La jurisprudence a retenu la seconde approche : la compensation légale peut opérer dans les
rapports du cédant et du débiteur cédé dès lors que les conditions de cette compensation ont été
réunies avant la notification (Cass., com., 14 décembre 1993). Le débiteur cédé peut dès lors
opposer cette exception au cessionnaire à l’échéance.

En l’espèce, la créance sur le cédé en cause est exigible le 1 er septembre. Quant à la créance du
cédé sur le cédant, née de la mauvaise exécution du contrat, il est précisé que les créances sont
payées « au fur et à mesure de l’avancée des travaux ». Il apparaît que, pour la troisième tranche de
travaux, la créance du cédé sur le cédant est donc née entre le 1 er juin et le 1er septembre.

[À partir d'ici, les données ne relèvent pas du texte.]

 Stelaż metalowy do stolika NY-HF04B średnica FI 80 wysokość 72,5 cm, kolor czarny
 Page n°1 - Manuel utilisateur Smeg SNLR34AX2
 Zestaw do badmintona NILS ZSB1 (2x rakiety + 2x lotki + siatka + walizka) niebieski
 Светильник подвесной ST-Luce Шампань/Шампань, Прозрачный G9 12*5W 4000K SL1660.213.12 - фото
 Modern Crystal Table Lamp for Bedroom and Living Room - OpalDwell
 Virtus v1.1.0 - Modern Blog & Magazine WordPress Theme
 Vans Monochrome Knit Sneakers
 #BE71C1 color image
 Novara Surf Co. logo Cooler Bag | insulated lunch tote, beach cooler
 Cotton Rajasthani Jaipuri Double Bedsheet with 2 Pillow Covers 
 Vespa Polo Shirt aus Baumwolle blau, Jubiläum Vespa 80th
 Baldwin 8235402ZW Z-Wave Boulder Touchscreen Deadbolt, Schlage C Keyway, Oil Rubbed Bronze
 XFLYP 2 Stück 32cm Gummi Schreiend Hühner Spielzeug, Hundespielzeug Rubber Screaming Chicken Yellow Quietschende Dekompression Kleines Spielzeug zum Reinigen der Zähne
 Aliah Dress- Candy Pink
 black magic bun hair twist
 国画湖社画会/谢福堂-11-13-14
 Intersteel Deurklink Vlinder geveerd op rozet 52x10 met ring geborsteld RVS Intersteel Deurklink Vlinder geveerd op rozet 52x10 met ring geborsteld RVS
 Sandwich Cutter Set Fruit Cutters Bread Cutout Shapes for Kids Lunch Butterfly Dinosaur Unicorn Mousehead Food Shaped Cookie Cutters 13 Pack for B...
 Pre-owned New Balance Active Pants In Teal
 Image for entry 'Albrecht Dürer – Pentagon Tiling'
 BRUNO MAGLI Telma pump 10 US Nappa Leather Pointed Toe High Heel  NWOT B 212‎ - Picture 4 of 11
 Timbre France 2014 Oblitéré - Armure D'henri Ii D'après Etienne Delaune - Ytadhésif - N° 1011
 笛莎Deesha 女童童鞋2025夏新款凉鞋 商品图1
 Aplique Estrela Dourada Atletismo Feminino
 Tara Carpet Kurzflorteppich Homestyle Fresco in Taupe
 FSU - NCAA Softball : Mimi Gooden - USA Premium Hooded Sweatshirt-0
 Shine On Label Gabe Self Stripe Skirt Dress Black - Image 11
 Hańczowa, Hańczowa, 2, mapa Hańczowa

Or la
cession a été notifiée le 15 mai.

En conclusion, les conditions de la compensation légale ne sont réunies qu’après la notification.


Le débiteur cédé ne peut opposer cette exception au cessionnaire pour ne payer que 20.000 euros.

b) La compensation pour créances connexes

Selon l’article L. 313-28 du Code monétaire et financier, le cessionnaire peut à tout moment
notifier la cession au débiteur cédé, ce qui a pour effet d’interdire au cédé de se libérer entre les
mains du cédant. Les exceptions sont en revanche toujours opposables par le débiteur cédé au
cessionnaire ; la notification ne prive pas le débiteur cédé du principe de l’opposabilité des
exceptions (C. mon. et fin., art. L. 313-29, a contrario).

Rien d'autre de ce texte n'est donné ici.